SUPPLIED ENTRIES START
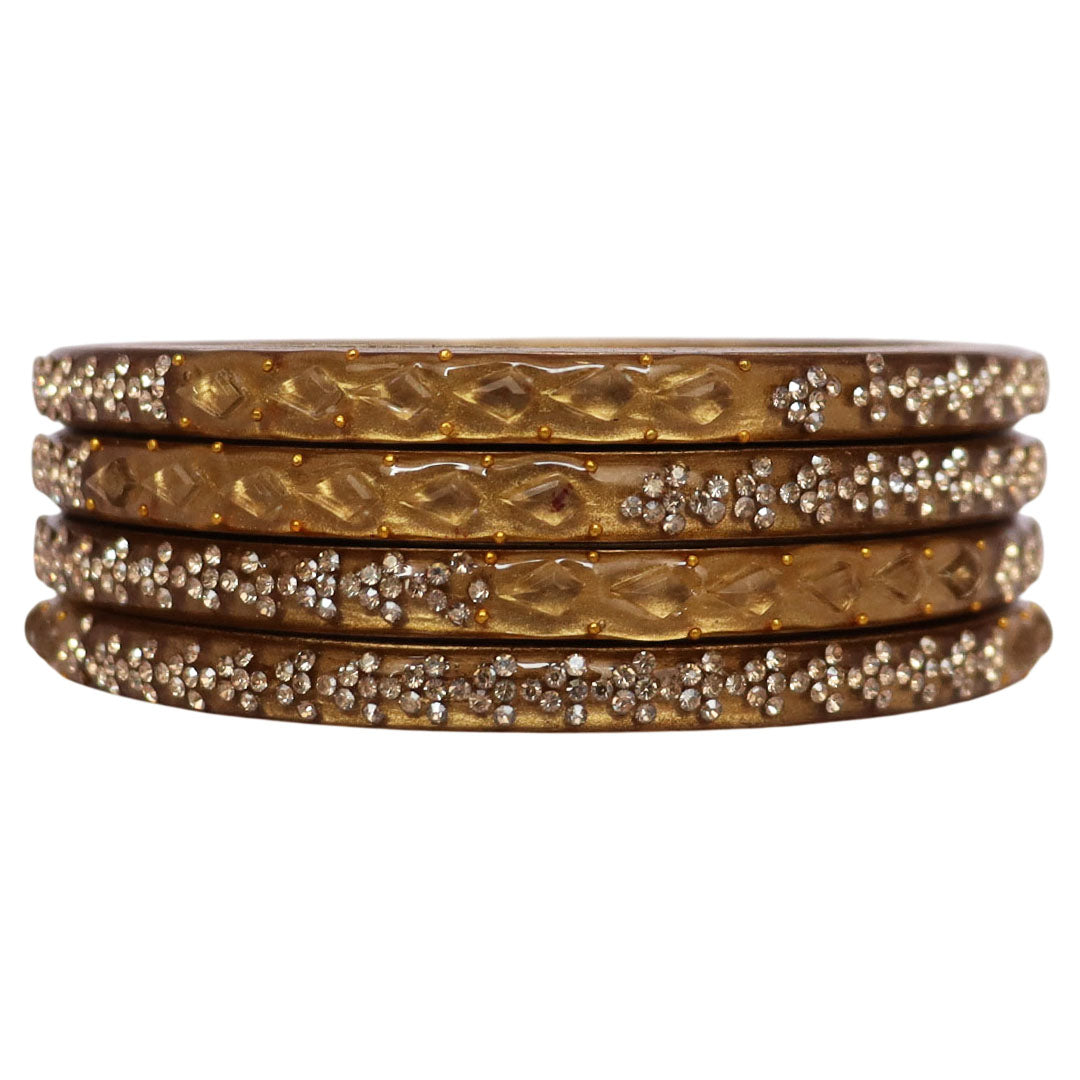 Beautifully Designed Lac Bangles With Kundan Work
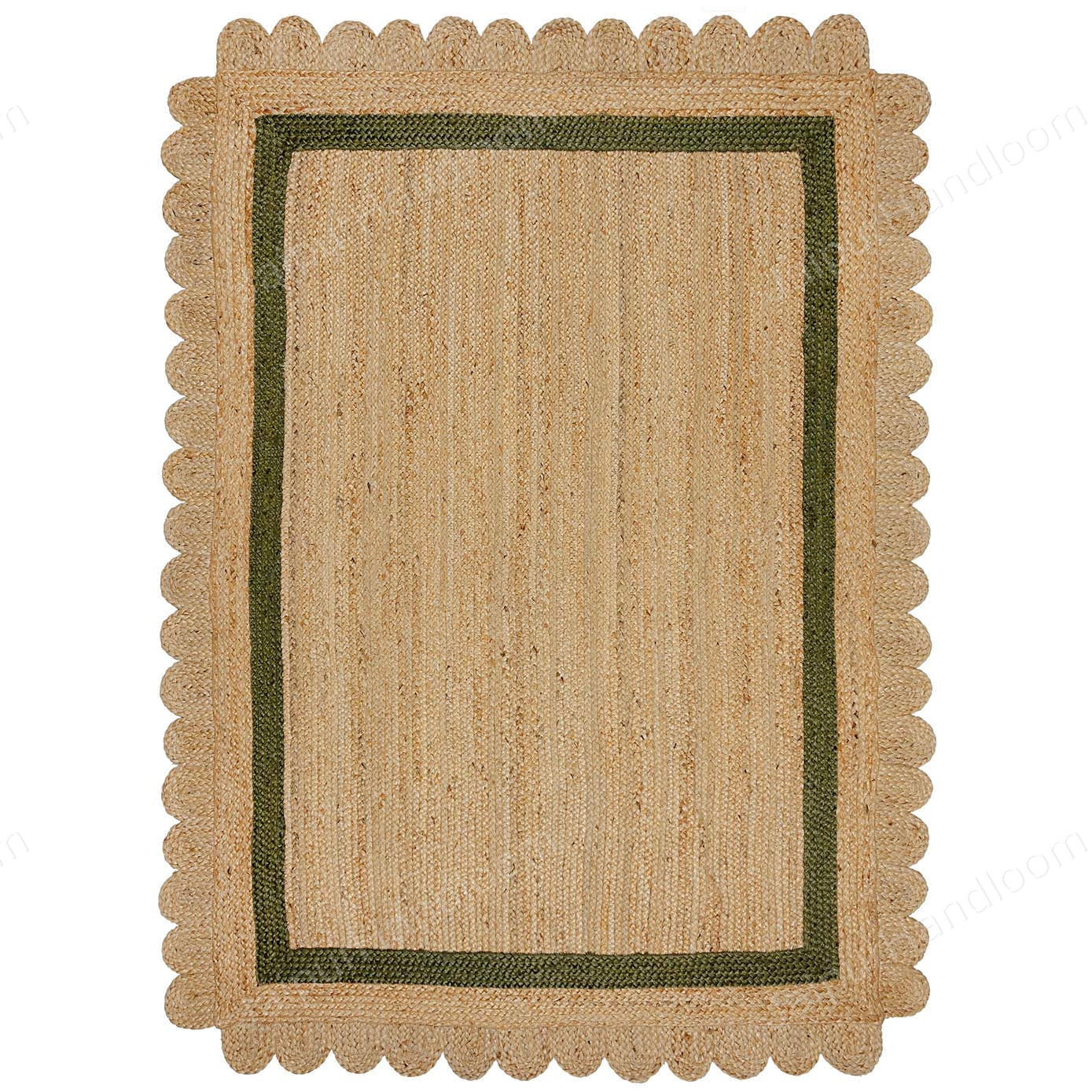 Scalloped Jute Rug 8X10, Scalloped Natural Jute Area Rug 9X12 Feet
SUPPLIED ENTRIES END
SUPPLIED ENTRIES START
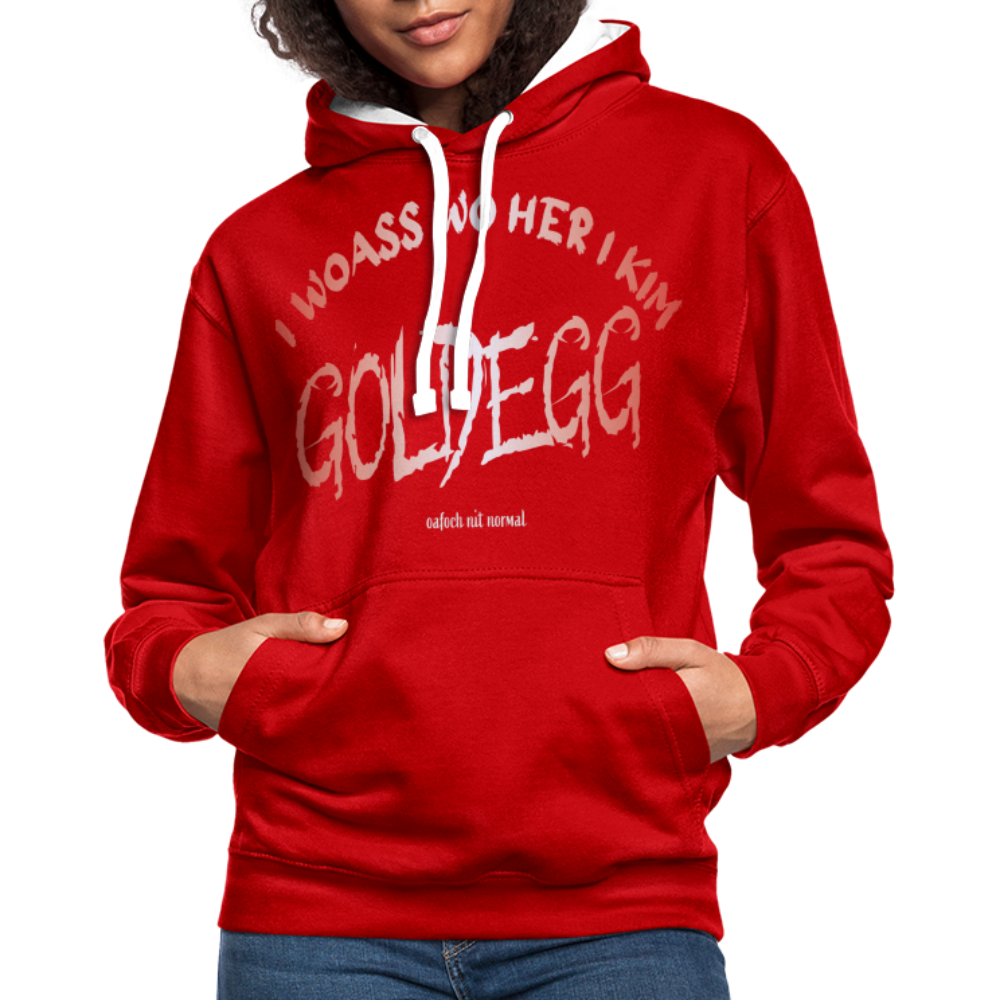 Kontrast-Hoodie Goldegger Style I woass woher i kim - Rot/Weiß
SUPPLIED ENTRIES END
## YOUR OBJECTIVE
Set down again, exactly, every line above from the one with "Beautifully Designed Lac" down to the one with "Scalloped Jute Rug", both ends included. No pictures, and nothing else.

## OUTPUT OF THE TASK
 Beautifully Designed Lac Bangles With Kundan Work
 Scalloped Jute Rug 8X10, Scalloped Natural Jute Area Rug 9X12 Feet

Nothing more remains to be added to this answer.